For the entries that follow, retype exactly the lines from the one containing "散り際が一番好き🌸 | その他" to the one containing "PRISION PROVISIONAL Y", inclusive, and only those. Images stay out of the copy.

***** Data section *****

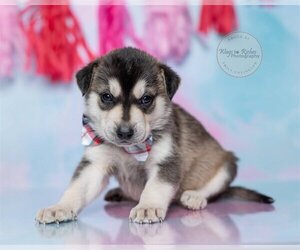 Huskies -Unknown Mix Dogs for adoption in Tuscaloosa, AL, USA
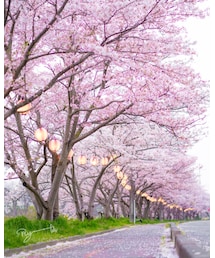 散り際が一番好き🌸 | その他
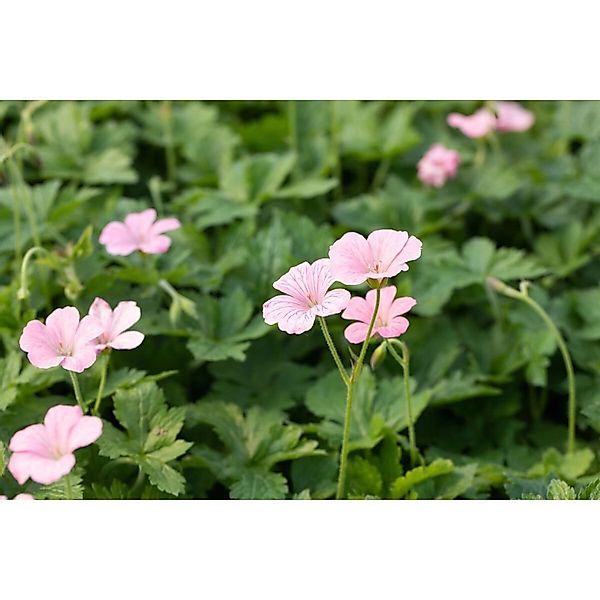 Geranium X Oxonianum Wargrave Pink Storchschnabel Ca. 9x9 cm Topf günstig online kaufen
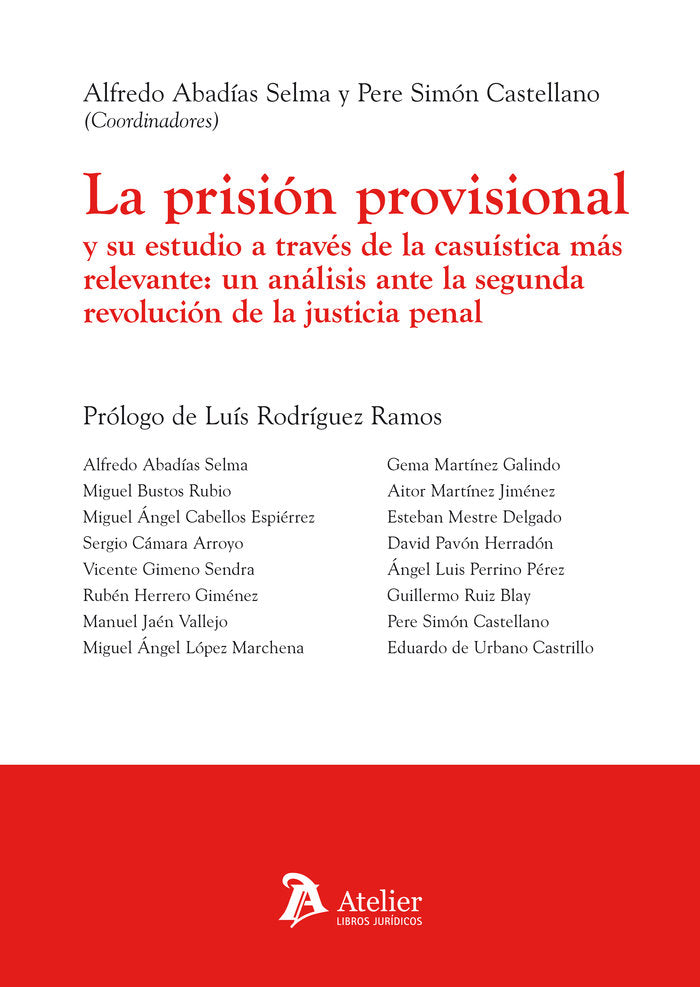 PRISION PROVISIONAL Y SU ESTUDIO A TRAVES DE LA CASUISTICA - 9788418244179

*****
***** Data section *****

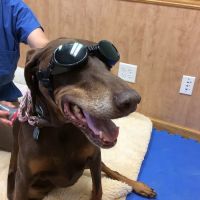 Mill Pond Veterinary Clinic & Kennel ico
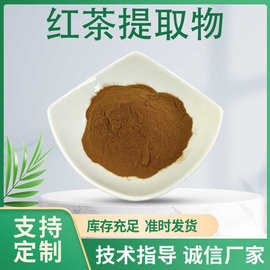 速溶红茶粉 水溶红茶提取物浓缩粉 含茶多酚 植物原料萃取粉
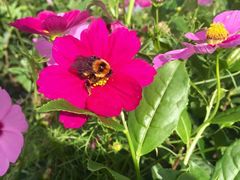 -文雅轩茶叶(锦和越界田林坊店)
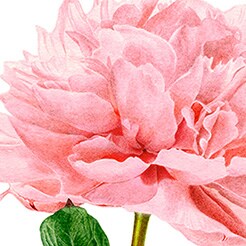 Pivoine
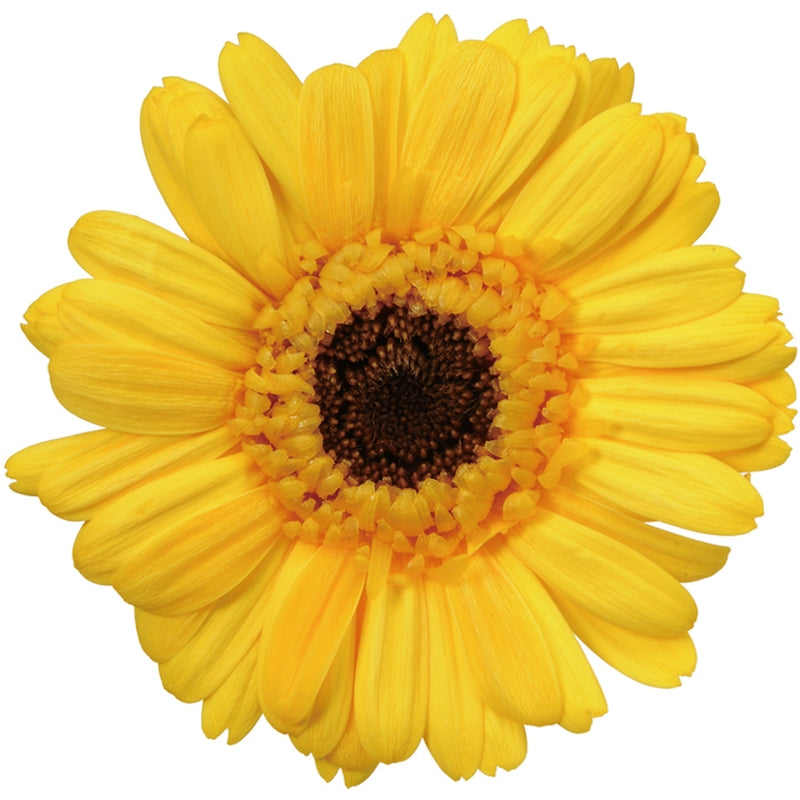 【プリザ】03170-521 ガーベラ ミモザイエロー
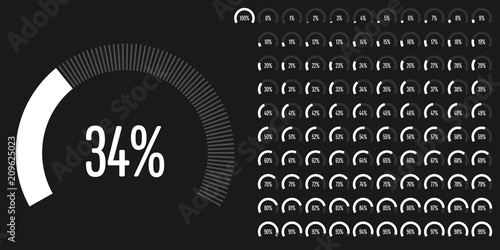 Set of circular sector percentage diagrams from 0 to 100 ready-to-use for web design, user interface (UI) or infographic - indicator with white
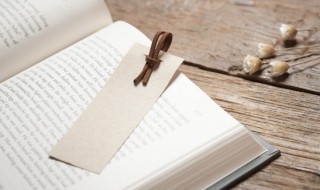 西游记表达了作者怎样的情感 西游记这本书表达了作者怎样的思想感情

*****
***** Data section *****

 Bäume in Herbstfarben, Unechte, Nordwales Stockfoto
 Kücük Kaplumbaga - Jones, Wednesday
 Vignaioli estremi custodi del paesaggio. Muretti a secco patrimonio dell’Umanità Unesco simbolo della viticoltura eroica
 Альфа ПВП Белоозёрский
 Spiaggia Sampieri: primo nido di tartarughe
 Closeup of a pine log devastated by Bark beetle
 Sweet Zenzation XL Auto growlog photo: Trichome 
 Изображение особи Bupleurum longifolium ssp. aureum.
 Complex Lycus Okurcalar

*****

- [Answer below]
 散り際が一番好き🌸 | その他
 Geranium X Oxonianum Wargrave Pink Storchschnabel Ca. 9x9 cm Topf günstig online kaufen
 PRISION PROVISIONAL Y SU ESTUDIO A TRAVES DE LA CASUISTICA - 9788418244179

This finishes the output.